Try it
Skip the pictures. Output only the lines below starting at the line with "Mug tonneau porcelaine" and ending at the line with "sms damour french", both ends included, exactly as they are.

Provided data

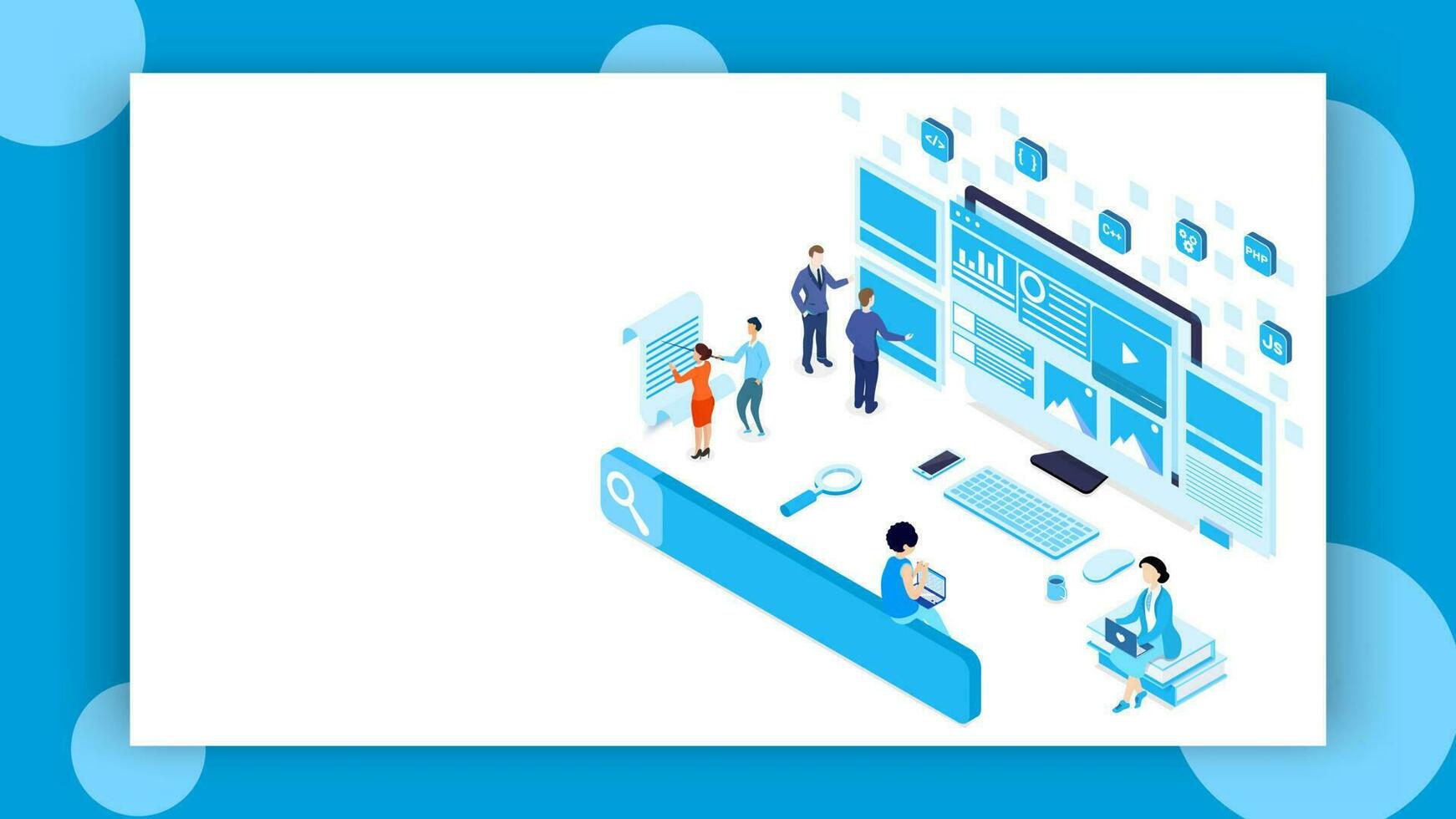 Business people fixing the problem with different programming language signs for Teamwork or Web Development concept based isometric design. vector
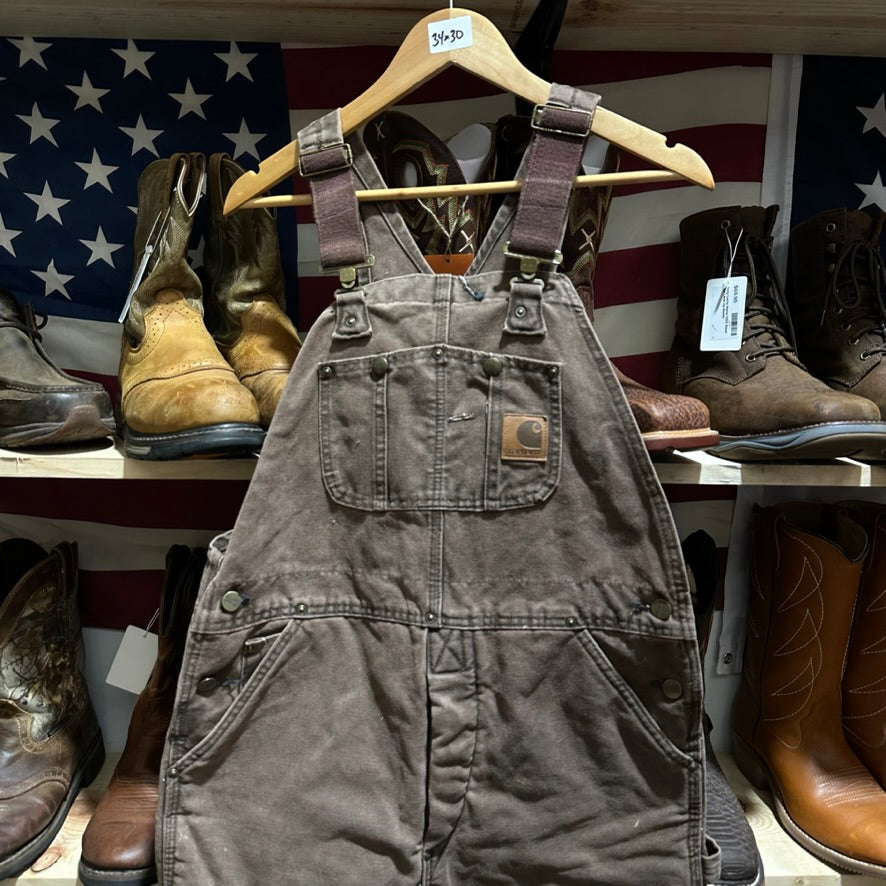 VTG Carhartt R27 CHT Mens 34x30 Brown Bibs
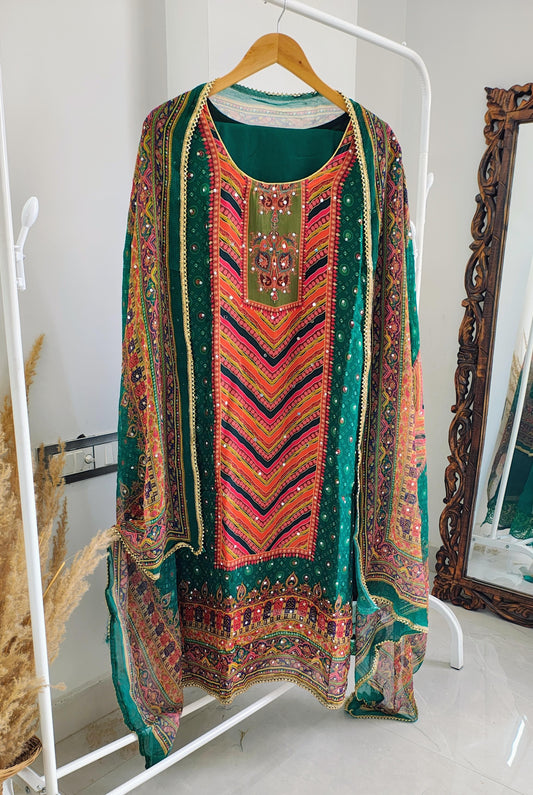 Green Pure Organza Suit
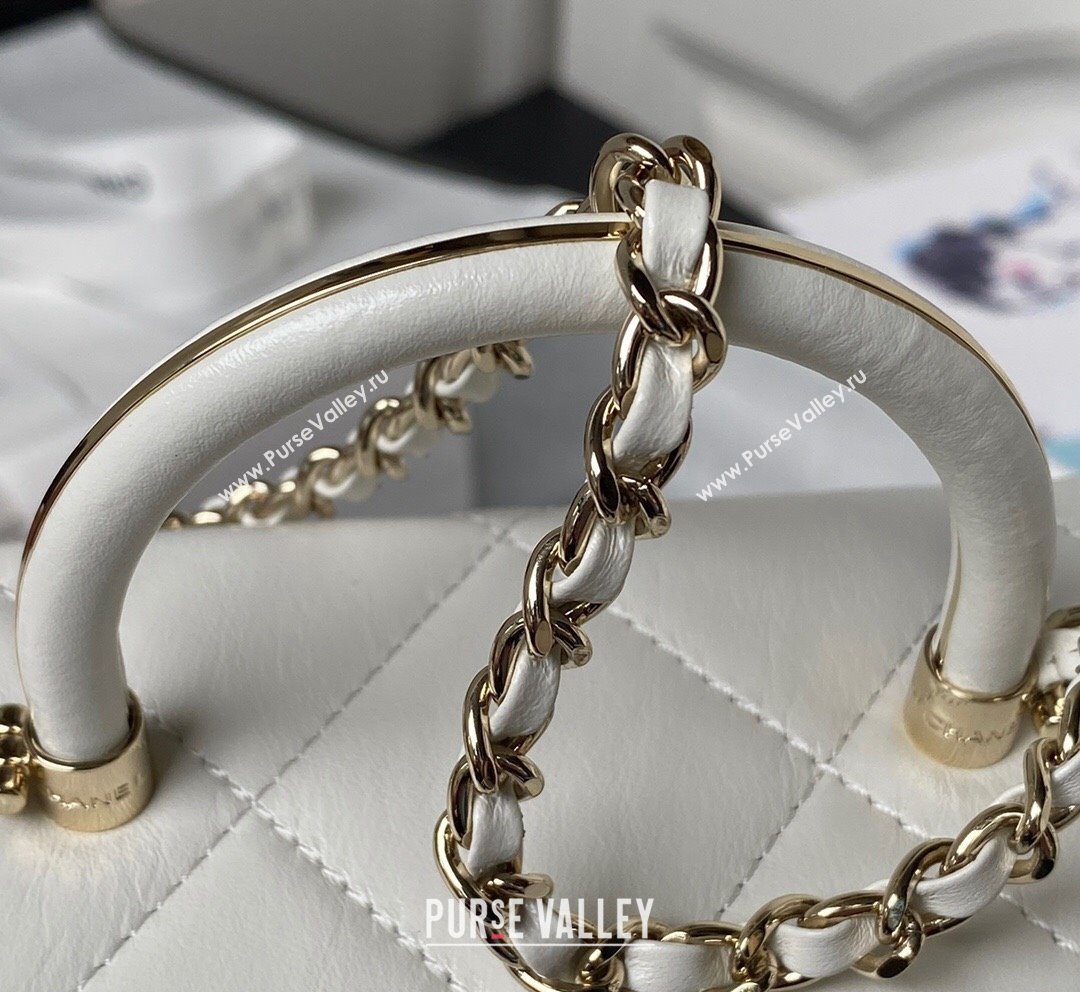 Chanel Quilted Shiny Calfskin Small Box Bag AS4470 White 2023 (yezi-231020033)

...

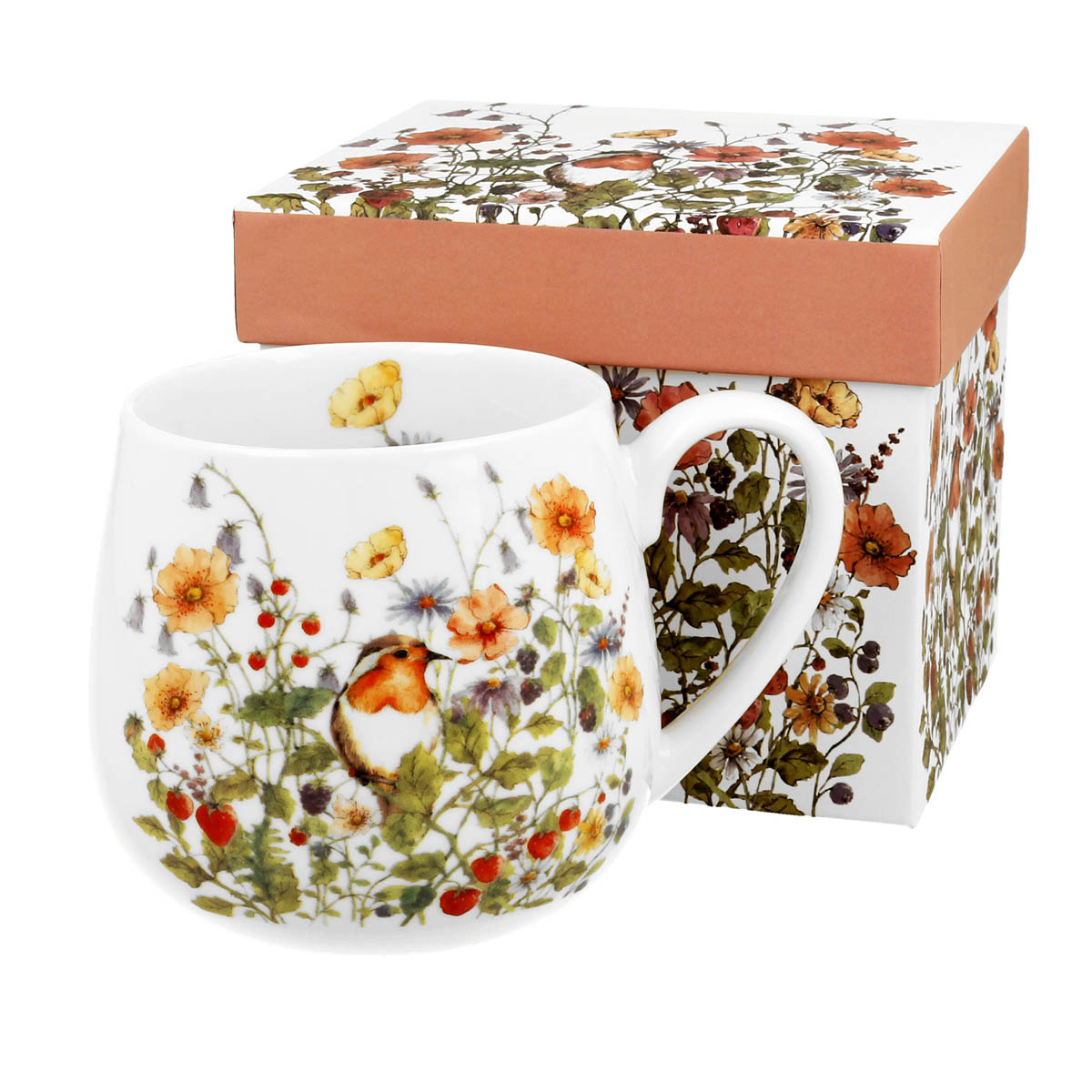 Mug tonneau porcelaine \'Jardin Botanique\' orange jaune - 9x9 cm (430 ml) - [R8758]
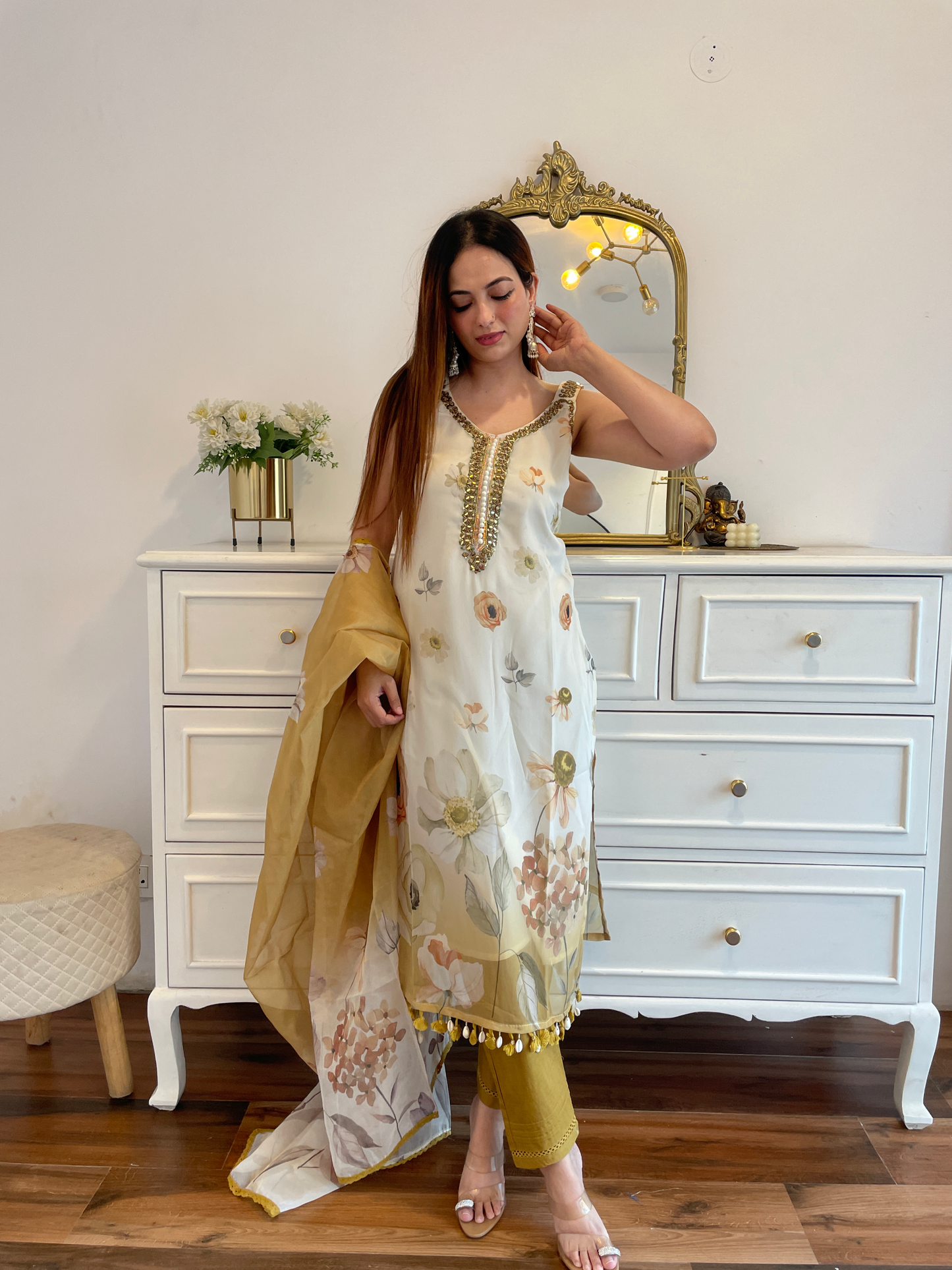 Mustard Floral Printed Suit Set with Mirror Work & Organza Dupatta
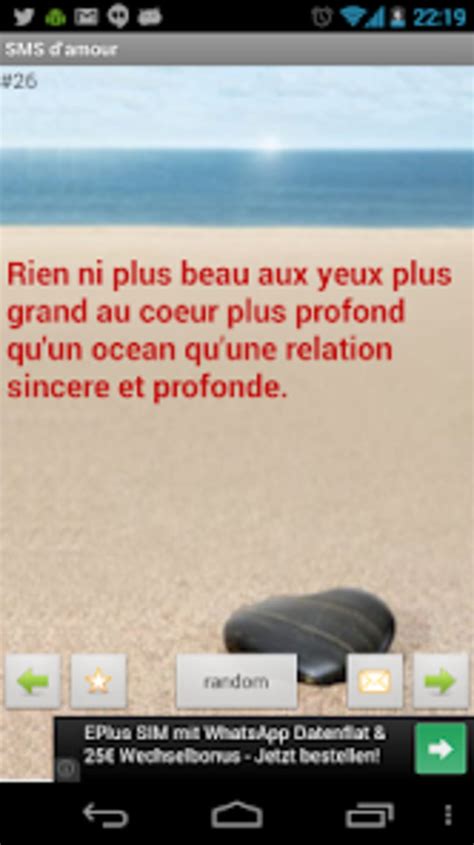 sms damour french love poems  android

Result of the task
 Mug tonneau porcelaine \'Jardin Botanique\' orange jaune - 9x9 cm (430 ml) - [R8758]
 Mustard Floral Printed Suit Set with Mirror Work & Organza Dupatta
 sms damour french love poems  android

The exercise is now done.